Obecny rząd konserwatystów i liberałów jest najbardziej krytykowaną koalicją rządzącą w historii kraju. Do całej rzeszy krytyków rządu konserwatystki Ingridy Šimonytė dołączył dzisiaj były prezydent kraju Valdas Adamkus.
Były prezydent skrytykował obecny rząd za otwarcie w kraju przedstawicielstwa Tajwanu, w wyniku czego Litwa i Chiny są skłóceni, zaś na skutek tego mieszkańcy, biznes i cały kraj został narażony na gigantyczne straty.
(…) przez sytuację z Chinami straty są gigantyczne, a tego można było uniknąć. Należało o tym rozmawiać, uzgodnić z Sejmem, rządem, prezydentem i tylko wtedy podjąć decyzję o poparciu bądź też nie, o przyznaniu Tajwanu, bądź też nie”
– powiedział w piątkowym wywiadzie Adamkus.
Prezydent uważa, że uznać Tajwan w pierwszej kolejności powinien był „cały świat, duże i wpływowe państwa i to ich decyzja miałaby skutki, nie zaś małej Litwy”.
Z całym szacunkiem dla tej naszej małej Litwy, nisko się przed nią kłaniam, ale nie jesteśmy na tyle silni, by pokazywać, jak powinien zachowywać się świat.

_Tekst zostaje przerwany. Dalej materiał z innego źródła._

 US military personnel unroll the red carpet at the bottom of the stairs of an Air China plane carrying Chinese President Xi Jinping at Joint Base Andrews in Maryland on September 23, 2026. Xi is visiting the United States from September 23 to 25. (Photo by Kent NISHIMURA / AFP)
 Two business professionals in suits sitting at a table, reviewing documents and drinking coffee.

Nie może dochodzić do takich sytuacji w polityce zagranicznej i mam nadzieję, że to się już nie powtórzy”
– oświadczył Adamkus.
Eksprezydent ubolewał z powodu napięcia na linii urząd prezydenta – rząd.
Serce boli, gdy obserwuję niektóre wydarzenia, swoistą swawolę, zupełny brak szacunku dla wyższej instancji”

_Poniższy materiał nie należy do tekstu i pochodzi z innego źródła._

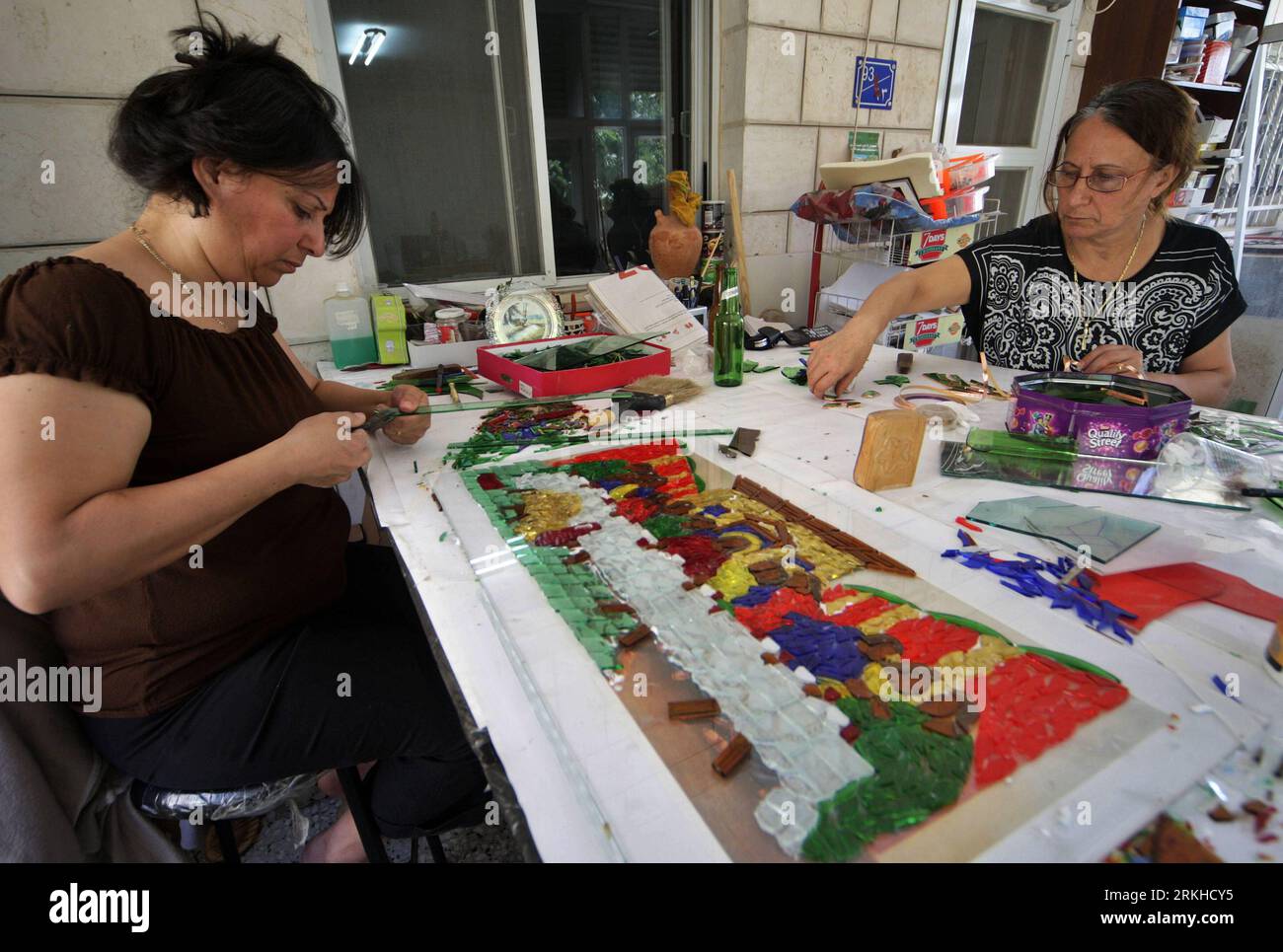 Bildnummer: 55807663  Datum: 20.08.2011  Copyright: imago/Xinhua (110820) -- WEST BANK, Aug. 20, 2011 (Xinhua) -- Samia Rishmawi(L) and her sister Faten work on a broken glass mosaic at their glass workshop in the West Bank city of Bethlehem, Aug. 18, 2011. The three Palestinian sisters Samia, Sawsan and Faten Rishmawi started their work ten years ago, making beautiful galss images with pieces of colored broken glass. (Xinhua/Luay Sababa) (srb) MIDEAST-WEST BANK-BROKEN GLASS-MOSAIC PUBLICATIONxNOTxINxCHN Gesellschaft Glas Mosaik Herstellung Glasmosaik Arbeitswelten Das letzte Abendmahl xdf x0x Stock Photo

– obcesowy stosunek Šimonytė do prezydenta Gitanasa Nausėdy skomentował eksprezydent.
Prezydent dowiaduje się o poszczególnych działaniach z mediów czy inne kanały”
– słów krytyki dla konserwatystki Šimonytė nie szczędził Adamkus.
Na skutek kryzysu spowodowanego przez rząd konserwatystów i liberałów spółki, mieszkańcy i budżet kraju zostali narażeni na gigantyczne straty, zaś za granicą Litwa stała się z tego powodu obiektem kpin i żartów.
Pekińskie media piszą o Litwie jako o „małym zwariowanym kraju”, zaś w UE Litwa jest już uważana za kraj o podwyższonym ryzyku politycznym i inwestycyjnym.